In response to bipartisan efforts to make Juneteenth a federal holiday, Republican Sen. Ron Johnson of Wisconsin has proposed eliminating a different federal holiday “in exchange.”
His choice?
Columbus Day.
“We support celebrating emancipation with a federal holiday but believe we should eliminate a current holiday in exchange. We chose Columbus Day as a holiday that is lightly celebrated, and least disruptive to Americans’ schedules,” Johnson said in a statement Wednesday.
Johnson and fellow Republican James Lankford of Oklahoma will be seeking to amend a bill making Juneteenth a federal holiday.
Johnson said adding to the number of federal holidays would give federal workers an additional day of paid leave and increased the government’s costs. He called his amendment a “counter-proposal that does not put us further in debt.”

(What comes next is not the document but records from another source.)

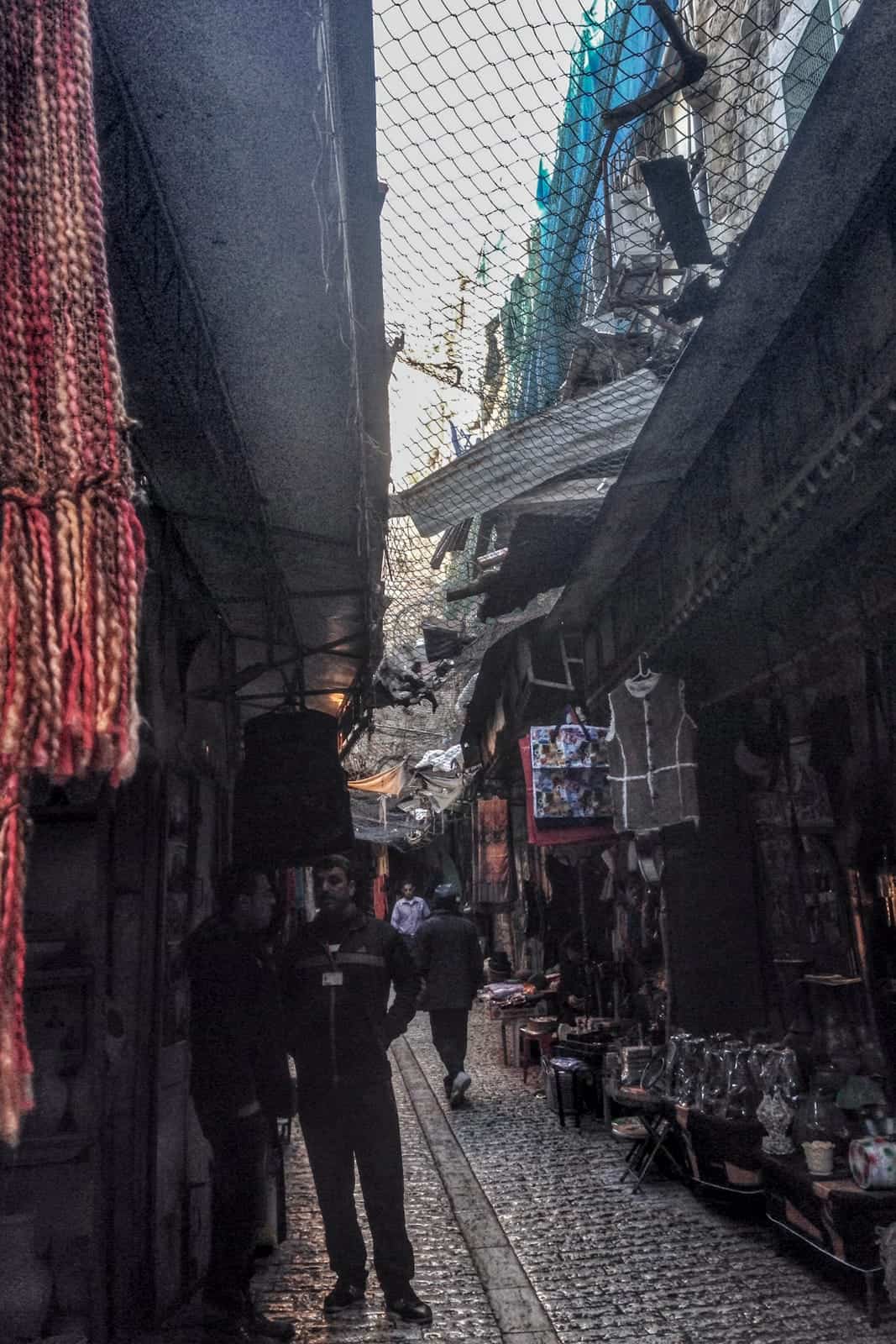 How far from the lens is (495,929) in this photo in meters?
21.2

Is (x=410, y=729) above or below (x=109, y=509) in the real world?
above

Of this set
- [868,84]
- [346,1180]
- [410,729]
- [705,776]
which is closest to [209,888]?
[346,1180]

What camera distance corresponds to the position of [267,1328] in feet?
15.7

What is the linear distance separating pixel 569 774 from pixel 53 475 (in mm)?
8438

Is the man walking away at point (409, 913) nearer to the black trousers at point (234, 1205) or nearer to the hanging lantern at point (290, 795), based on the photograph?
the hanging lantern at point (290, 795)

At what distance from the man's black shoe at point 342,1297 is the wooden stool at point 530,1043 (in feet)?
18.3

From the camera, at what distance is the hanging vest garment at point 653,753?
7.44m

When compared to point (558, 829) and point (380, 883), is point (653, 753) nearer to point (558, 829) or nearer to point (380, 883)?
point (558, 829)

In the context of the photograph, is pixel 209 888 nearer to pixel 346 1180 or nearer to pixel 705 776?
pixel 346 1180

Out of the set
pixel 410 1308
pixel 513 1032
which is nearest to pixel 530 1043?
pixel 513 1032

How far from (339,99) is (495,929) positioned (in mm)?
19739

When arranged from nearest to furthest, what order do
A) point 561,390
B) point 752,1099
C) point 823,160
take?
point 823,160
point 752,1099
point 561,390

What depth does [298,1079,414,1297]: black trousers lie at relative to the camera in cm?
519

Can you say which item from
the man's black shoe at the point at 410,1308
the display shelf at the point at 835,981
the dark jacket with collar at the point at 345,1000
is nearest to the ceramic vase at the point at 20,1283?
the dark jacket with collar at the point at 345,1000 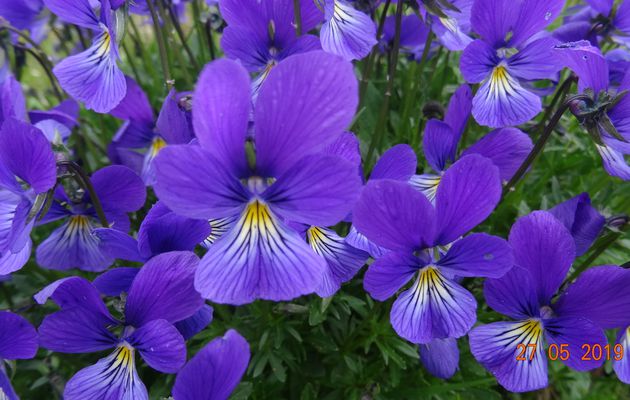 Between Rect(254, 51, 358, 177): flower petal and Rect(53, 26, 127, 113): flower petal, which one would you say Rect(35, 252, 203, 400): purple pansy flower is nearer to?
Rect(254, 51, 358, 177): flower petal

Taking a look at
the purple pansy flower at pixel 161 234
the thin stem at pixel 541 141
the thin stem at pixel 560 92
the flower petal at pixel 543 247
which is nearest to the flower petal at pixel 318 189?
the purple pansy flower at pixel 161 234

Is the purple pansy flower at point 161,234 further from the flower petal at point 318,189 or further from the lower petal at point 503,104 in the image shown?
the lower petal at point 503,104

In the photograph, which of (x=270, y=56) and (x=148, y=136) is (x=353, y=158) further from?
(x=148, y=136)

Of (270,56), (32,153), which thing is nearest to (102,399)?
(32,153)

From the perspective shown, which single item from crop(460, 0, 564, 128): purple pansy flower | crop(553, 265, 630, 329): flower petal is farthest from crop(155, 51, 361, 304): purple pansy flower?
crop(460, 0, 564, 128): purple pansy flower

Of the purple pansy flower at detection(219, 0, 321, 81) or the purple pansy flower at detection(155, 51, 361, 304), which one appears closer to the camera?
the purple pansy flower at detection(155, 51, 361, 304)

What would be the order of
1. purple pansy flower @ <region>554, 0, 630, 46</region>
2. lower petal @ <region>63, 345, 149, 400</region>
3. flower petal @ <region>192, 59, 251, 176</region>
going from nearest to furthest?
1. flower petal @ <region>192, 59, 251, 176</region>
2. lower petal @ <region>63, 345, 149, 400</region>
3. purple pansy flower @ <region>554, 0, 630, 46</region> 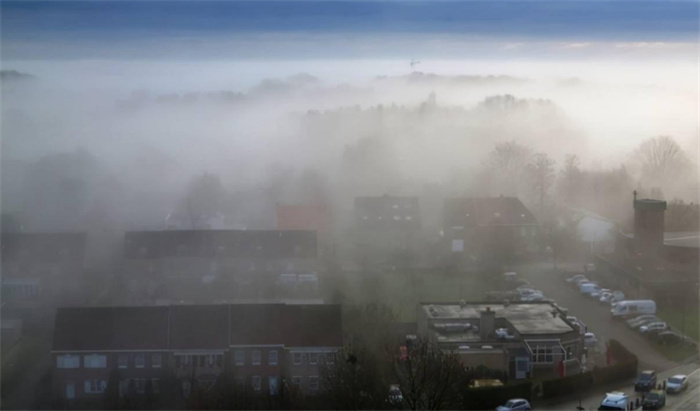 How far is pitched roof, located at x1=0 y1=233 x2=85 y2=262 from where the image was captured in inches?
316

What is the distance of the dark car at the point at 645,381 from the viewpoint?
5.85 meters

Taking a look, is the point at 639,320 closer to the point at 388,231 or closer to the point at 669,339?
the point at 669,339

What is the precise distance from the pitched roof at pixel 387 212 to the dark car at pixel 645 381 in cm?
356

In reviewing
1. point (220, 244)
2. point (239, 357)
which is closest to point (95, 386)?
point (239, 357)

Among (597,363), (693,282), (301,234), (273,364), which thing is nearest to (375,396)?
(273,364)

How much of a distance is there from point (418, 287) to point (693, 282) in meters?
2.88

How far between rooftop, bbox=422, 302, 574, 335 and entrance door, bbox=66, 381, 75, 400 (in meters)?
2.93

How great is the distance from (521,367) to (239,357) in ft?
7.26

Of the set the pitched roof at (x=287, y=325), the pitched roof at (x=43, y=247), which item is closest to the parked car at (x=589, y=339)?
the pitched roof at (x=287, y=325)

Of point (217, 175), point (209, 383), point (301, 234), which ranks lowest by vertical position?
point (209, 383)

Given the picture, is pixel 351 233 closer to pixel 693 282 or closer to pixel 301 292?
pixel 301 292

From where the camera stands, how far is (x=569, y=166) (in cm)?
1013

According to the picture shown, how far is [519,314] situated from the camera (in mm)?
6902

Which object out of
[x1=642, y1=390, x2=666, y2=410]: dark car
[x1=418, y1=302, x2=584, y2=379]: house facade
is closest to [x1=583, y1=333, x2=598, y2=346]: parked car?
[x1=418, y1=302, x2=584, y2=379]: house facade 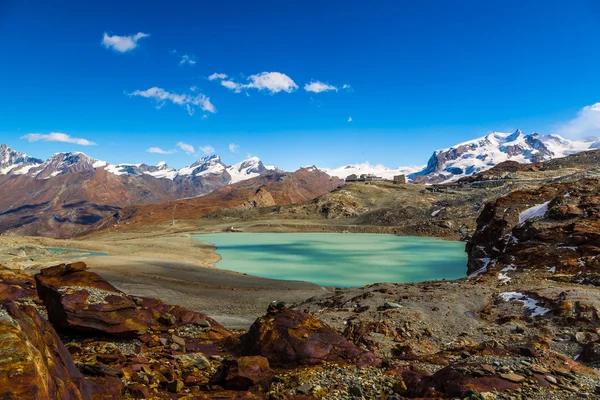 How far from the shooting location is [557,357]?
420 inches

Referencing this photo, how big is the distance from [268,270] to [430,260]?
78.1 ft

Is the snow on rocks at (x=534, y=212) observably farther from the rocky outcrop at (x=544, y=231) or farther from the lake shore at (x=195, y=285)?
the lake shore at (x=195, y=285)

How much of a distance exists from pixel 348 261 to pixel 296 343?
142 ft

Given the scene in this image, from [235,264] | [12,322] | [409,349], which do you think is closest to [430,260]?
[235,264]

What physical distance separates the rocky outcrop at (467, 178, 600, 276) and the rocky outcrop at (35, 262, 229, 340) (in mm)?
24450

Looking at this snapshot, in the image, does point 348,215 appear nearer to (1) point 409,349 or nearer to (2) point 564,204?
(2) point 564,204

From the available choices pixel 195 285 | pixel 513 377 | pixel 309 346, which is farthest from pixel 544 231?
pixel 195 285

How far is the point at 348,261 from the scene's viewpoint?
53656 millimetres

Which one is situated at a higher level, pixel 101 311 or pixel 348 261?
pixel 101 311

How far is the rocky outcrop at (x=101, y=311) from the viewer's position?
11898mm

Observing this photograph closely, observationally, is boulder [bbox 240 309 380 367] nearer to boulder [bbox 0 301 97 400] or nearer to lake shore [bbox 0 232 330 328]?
boulder [bbox 0 301 97 400]

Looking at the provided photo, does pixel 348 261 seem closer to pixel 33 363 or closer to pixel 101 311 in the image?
pixel 101 311

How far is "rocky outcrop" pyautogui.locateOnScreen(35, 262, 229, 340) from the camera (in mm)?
11898

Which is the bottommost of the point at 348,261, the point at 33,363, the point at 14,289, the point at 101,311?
the point at 348,261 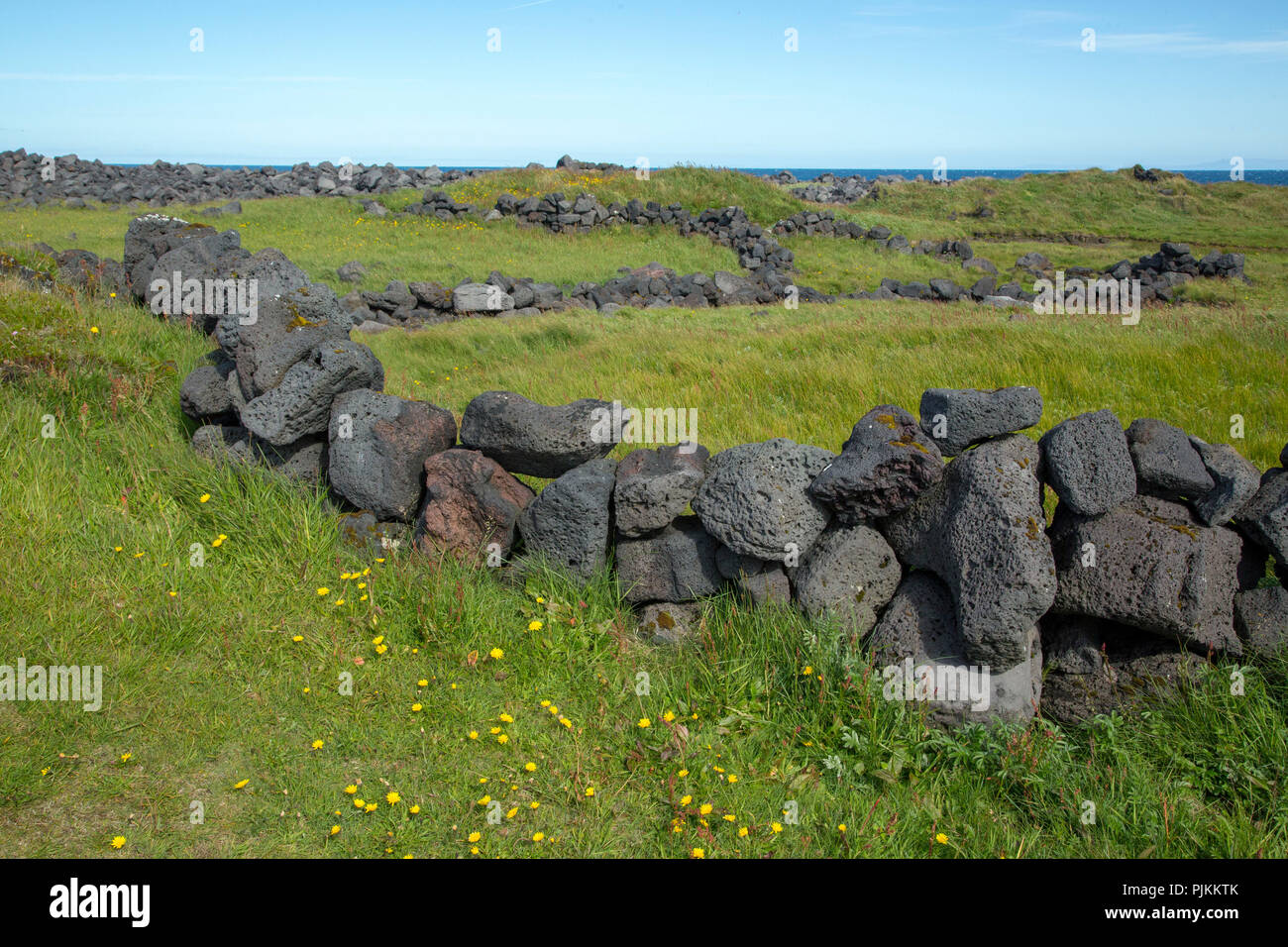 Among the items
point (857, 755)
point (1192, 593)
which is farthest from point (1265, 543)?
point (857, 755)

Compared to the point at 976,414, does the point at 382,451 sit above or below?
below

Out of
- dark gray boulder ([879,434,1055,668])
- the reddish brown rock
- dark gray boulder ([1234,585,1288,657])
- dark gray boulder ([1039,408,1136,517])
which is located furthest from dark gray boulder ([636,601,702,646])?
dark gray boulder ([1234,585,1288,657])

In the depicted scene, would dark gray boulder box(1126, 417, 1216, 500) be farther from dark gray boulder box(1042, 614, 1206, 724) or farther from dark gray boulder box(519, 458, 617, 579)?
dark gray boulder box(519, 458, 617, 579)

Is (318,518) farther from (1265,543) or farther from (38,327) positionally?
(1265,543)

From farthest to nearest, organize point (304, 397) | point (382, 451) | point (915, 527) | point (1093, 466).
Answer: point (304, 397), point (382, 451), point (915, 527), point (1093, 466)

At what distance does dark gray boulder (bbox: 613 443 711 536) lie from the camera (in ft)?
16.5

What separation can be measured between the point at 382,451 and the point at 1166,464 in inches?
185

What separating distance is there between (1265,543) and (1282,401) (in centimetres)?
524

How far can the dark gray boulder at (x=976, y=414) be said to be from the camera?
15.2 ft

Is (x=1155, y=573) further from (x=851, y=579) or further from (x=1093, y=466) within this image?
(x=851, y=579)

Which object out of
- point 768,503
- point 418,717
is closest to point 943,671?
point 768,503

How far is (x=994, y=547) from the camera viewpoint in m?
4.27

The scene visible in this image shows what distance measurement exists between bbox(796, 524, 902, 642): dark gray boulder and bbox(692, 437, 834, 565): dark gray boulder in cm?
15

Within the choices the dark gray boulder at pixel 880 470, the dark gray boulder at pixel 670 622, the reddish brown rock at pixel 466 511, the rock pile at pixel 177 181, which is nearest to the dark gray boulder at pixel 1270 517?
the dark gray boulder at pixel 880 470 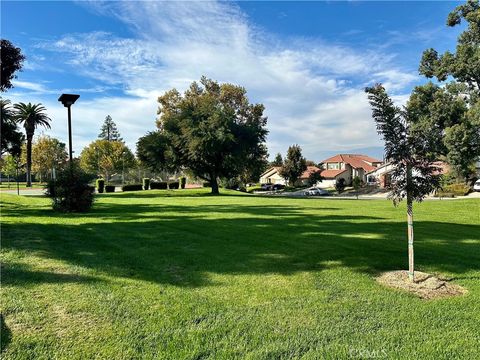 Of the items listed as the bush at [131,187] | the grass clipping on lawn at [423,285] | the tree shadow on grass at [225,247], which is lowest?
the grass clipping on lawn at [423,285]

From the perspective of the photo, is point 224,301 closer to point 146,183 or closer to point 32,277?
point 32,277

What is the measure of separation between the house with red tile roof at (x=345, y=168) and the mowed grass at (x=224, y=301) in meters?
62.0

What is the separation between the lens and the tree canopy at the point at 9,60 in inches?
536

Juneteenth, celebrated on June 19, commemorates the end of slavery. The Emancipation Proclamation had outlawed slavery more than two years earlier, but enforcement largely was a function of where Union troops had advanced. On June 19, 1865, federal orders finally reached — and were proclaimed — in Texas.
Efforts to make it a federal holiday have intensified amid the protests against racial inequality in the aftermath of the killing of George Floyd by police in Minneapolis.
Columbus Day honors Christopher Columbus and has been recognized as a federal holiday since 1934. Originally, it fell on Oct. 12, but President Lyndon Johnson in 1968 moved it to the second Monday in October.
For many Italian-American groups and communities, it’s a day set aside to celebrate their heritage. But it has been a source of growing controversy in recent years because of the killing and enslavement of indigenous people in the Americas by European explorers and settlers.
Last year, Wisconsin Gov. Tony Evers by executive order designated Indigenous Peoples Day to run on the same day as the federal holiday. Earlier this year, Chicago Public Schools stopped recognizing Columbus Day entirely, instead giving students off the same day and calling it Indigenous Peoples Day, drawing objections from Italian American groups.
A spokesman for Johnson said the senator was not denigrating Christopher Columbus or making a value judgment about his legacy, only seeking to avoid increasing the number of federal holidays for cost reasons.